By Jessie Mannisto, 2011 Google Policy Fellow, ALA OITP
Photo reprinted with permission by photographer David Ng Soon Thong
Originally posted August 9, 2011 on District Dispatch
One day, when I was working as a reference assistant at an academic library, something went wrong with our wireless router. While most students were understandably frustrated, one looked pleased. “I’ve already downloaded everything I have to read,” she said. “Now I might actually be able to read them without feeling like I have to check Gchat and Twitter.”
As a 2011 master’s graduate of the University of Michigan School of Information, I’ve embraced my alma mater’s mission of connecting people, information and technology in more valuable ways – while coming to believe that sometimes disconnecting is a valuable step toward fulfilling that mission.

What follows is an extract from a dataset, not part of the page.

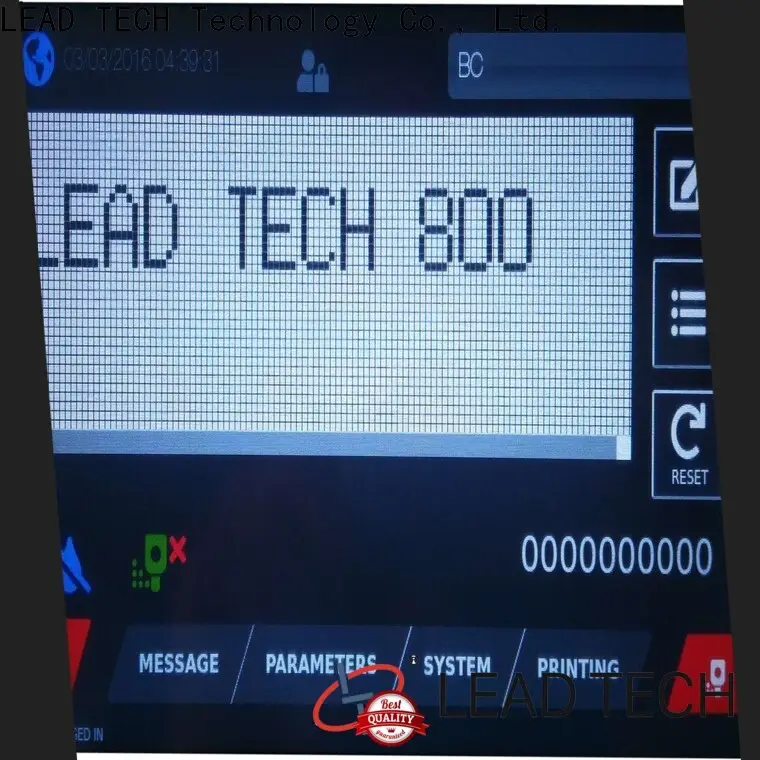 Leadtech Coding high-quality date coding machine professtional for beverage industry printing 1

I’ve therefore dedicated my Google Policy Fellowship at ALA’s Office for Information Technology Policy (OITP) to studying the impact of our networking technologies on our minds and trying to find ways to use this technology in ways that really do make us more productive, better educated, freer and happier, instead of stressed and scatterbrained.

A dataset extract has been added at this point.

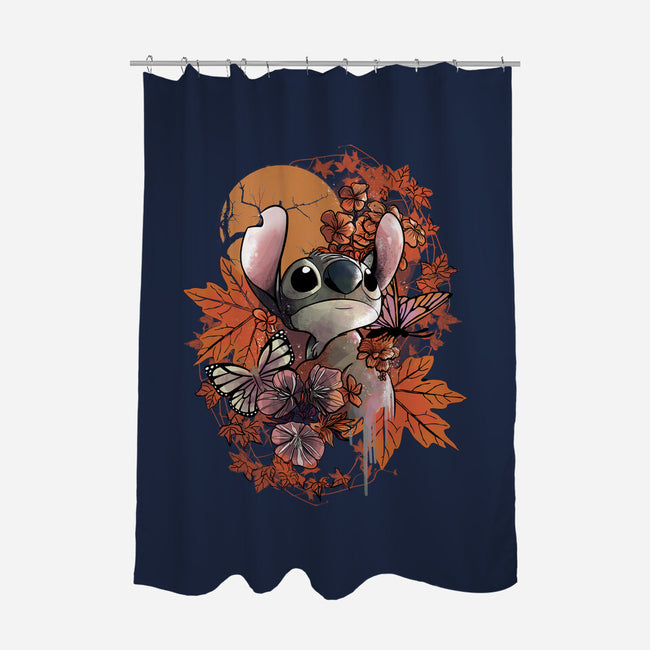 Alien To The Autumn Moonlight-None-Polyester-Shower Curtain-fanfabio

In some circles, the suggestion that constant connection might be less than ideal gets you a scarlet “L” pinned to your shirt, marking you as the Luddite you must be. But library users who come in seeking a quiet space to do research don’t want connected devices purged from the library; they just want a place to think without a constant stream of disruptions. Those of us who want to improve our focus don’t want to banish Facebook forever; we just need help taming our impulses to check it every six minutes.
Libraries and librarians are uniquely placed to help with these problems, and if we can do so, we will gain loyal followers from my generation of digital natives. Envision a program where a university library promotes an alternative to so-called study-drugs: Improve your focus and concentration without the health risks of Adderall! I for one would go to that program.

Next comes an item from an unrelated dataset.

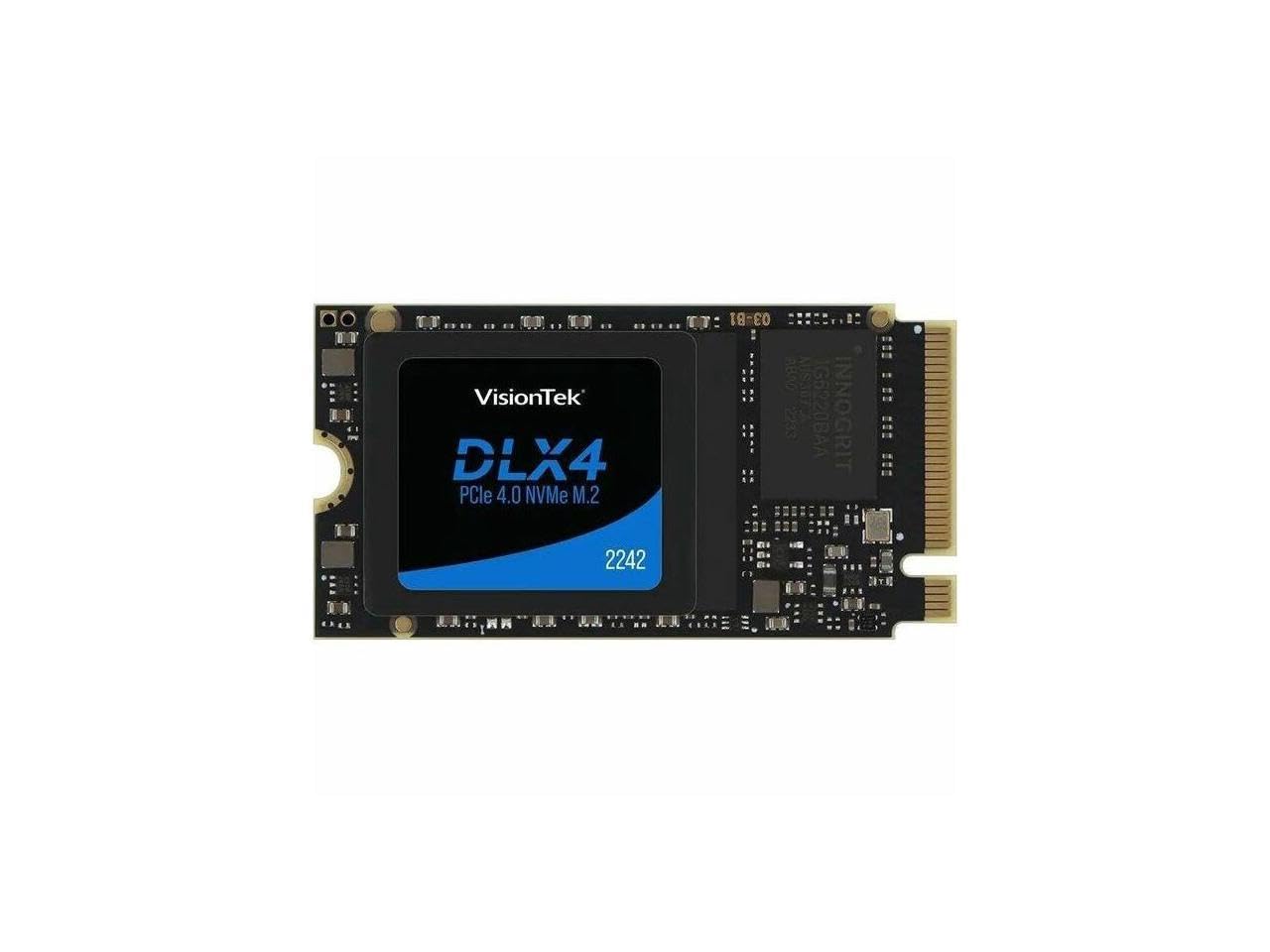 VisionTek 2 TB DLX4 Solid State Drive - M.2 2242 Internal - PCI Express NVMe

But what would this program do?
First, it must establish that the problem is one of digital information literacy. Education professionals, starting with instructional librarians, would distinguish between two distinct types of interactions with information: information gathering and information processing. Our current Internet infrastructure encourages us to blend these two, and while that’s helpful in some settings, at other times it’s not. Our trains of thought are derailed by irrelevant tangents that we can follow endlessly; we crave the “dopamine squirt” of new bits of information, and we often feel pressure to stop what we’re doing to respond to those bits, or to follow a less useful but more novel trail. Skimming the surface of a vast sea of information can be useful and rewarding, stimulating our brains with creative links between topics; but diving deep into a subject and exploring it in depth is also a highly rewarding and useful activity, crucial to the work of analysts and other knowledge professionals. We need not give up one type of information-gathering activity at the expense of the other, but our current information infrastructure greatly favors the former. There’s less room for information processing if you are incessantly gathering.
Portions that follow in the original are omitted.